Influence of Anion and Cation Structure of Ionic Liquids on Carboxylic Acids Extraction.

Abstract

A recently proposed new mechanism and a model of reactive extraction of carboxylic acids by hydrophobic ionic liquids (ILs) was tested on five systems from published as well as from new equilibrium data on liquid-liquid extraction of butyric and lactic acids (BA and LA) from aqueous solutions. Two phosphonium and one ammonium ILs were used. The model describes experimental data for all systems with a good fit. The mechanism of acid extraction by ILs is very similar for all tested systems. This indicates a more general validity of the developed model. The model allows deeper understanding of regularities in carboxylic acid extraction by hydrophobic ILs. Stability constants of the first acid-IL bonds are by one to three orders of magnitude higher compared to that of acid-acid bonds.
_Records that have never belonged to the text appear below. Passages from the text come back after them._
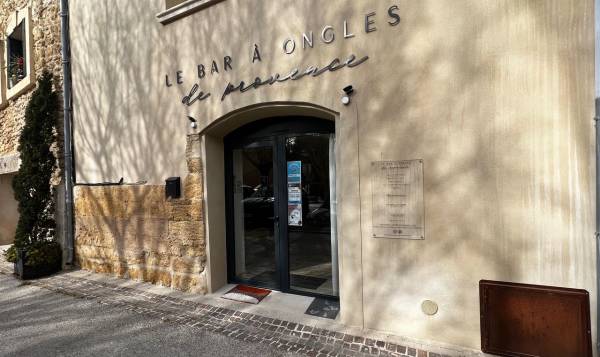 Le bar à ongles de Provence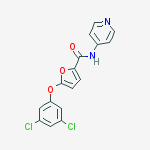 CAS 685830-90-4 molecular structure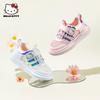 Kaiti Cat Children's Shoes 2026 New Summer Girls' Mesh Breathable Lightweight Children's Sandals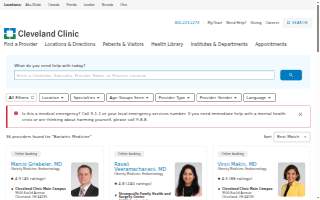 Cleveland Clinic Bariatric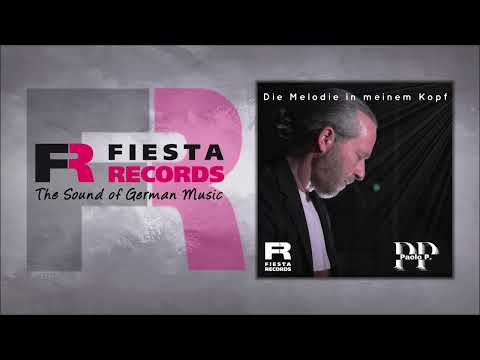 Paolo P. - Die Melodie in meinem Kopf (Hörprobe)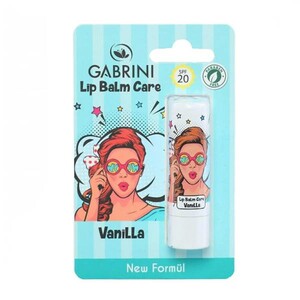 بالم لب گابرینی حاوی SPF20 وزن 5 گرم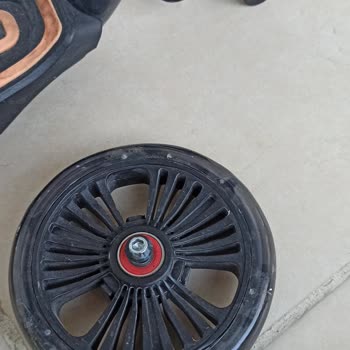 Furkan Toys Scooter Sorunları: Tekerlek Ve Direk Arızası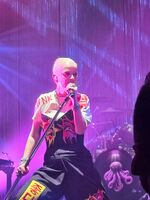 Garbage / Big Joanie on Jul 14, 2026 [396-small]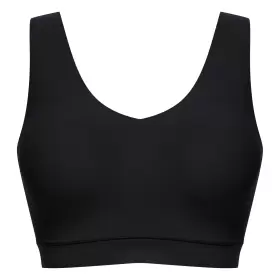 Soft Stretch Top Padded, Black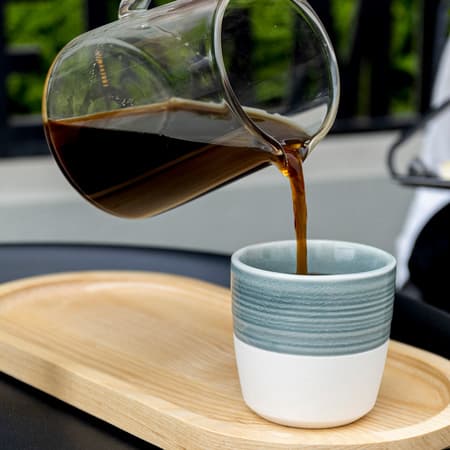 Loveramics Dale Harris - Muki 200 ml - Cappuccino Cup - Hiili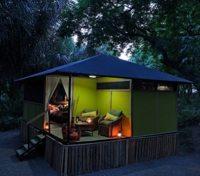 Murera Springs Eco-Lodge Exterior of Lodging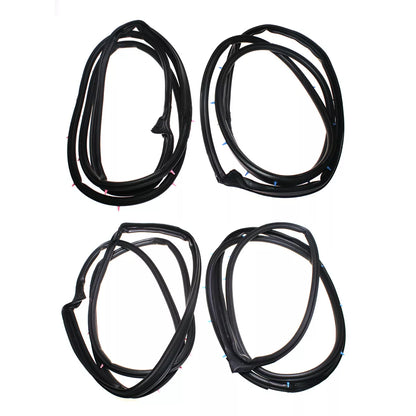 Door Weatherstrip Seal for Honda CR-V SUV 2002-2005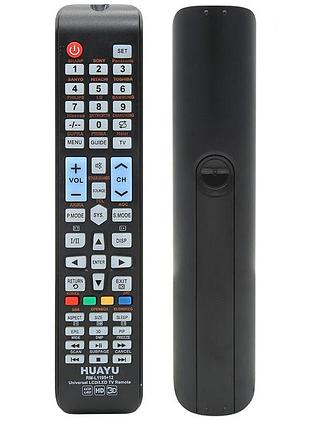 Універсальний пульт для телевізора smart tv huayu rm-l1195+12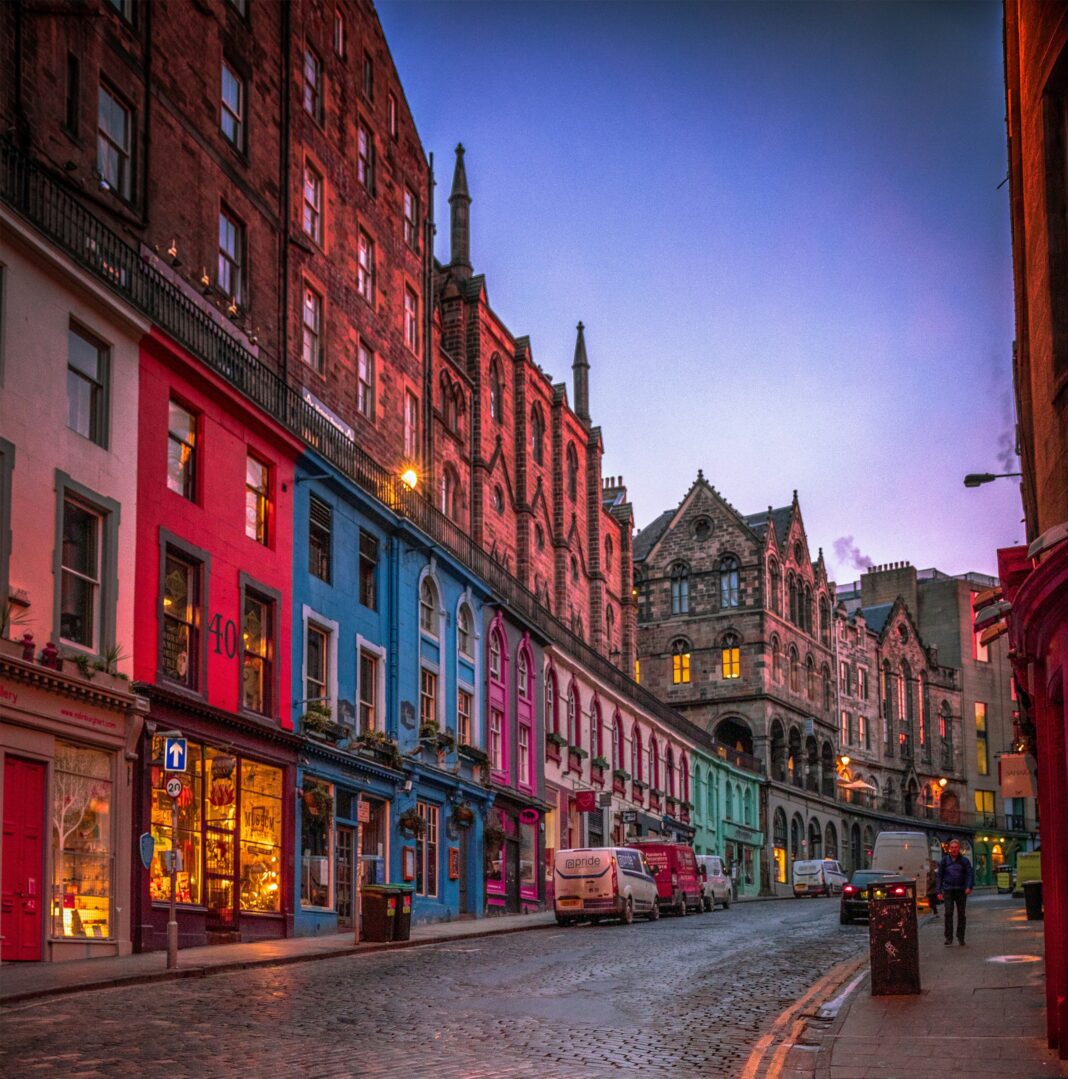 lgbtq travel scotland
Values of stability constants related to two acid-IL bonds are sensitive to a cation and anion structure while stability constants for acid-acid bonds more distant from polar head of IL are not sensitive to IL structure. The stability constants of acid-IL bonds for LA and phosphonium ILs are by more than one order of magnitude lower compared to those for BA and are not influenced with an anion structure. The value of stability constant for the first BA-IL bond is for phosphonium IL with a decanoate anion only one third of those for IL with a phosphinate anion. Differences in the stability of acid-IL bonds for BA and LA can be attributed to hydrophobic interactions which almost do not occur in LA extraction. Ammonium IL also forms a less stable BA-IL bond than the phosphonium IL with the same phosphinate anion. A less stable BA-IL bond can favor the higher recovery of volatile acid from the solvent by vacuum evaporation where free acid is separated instead of acid salts as in classical processes what is a great advantage.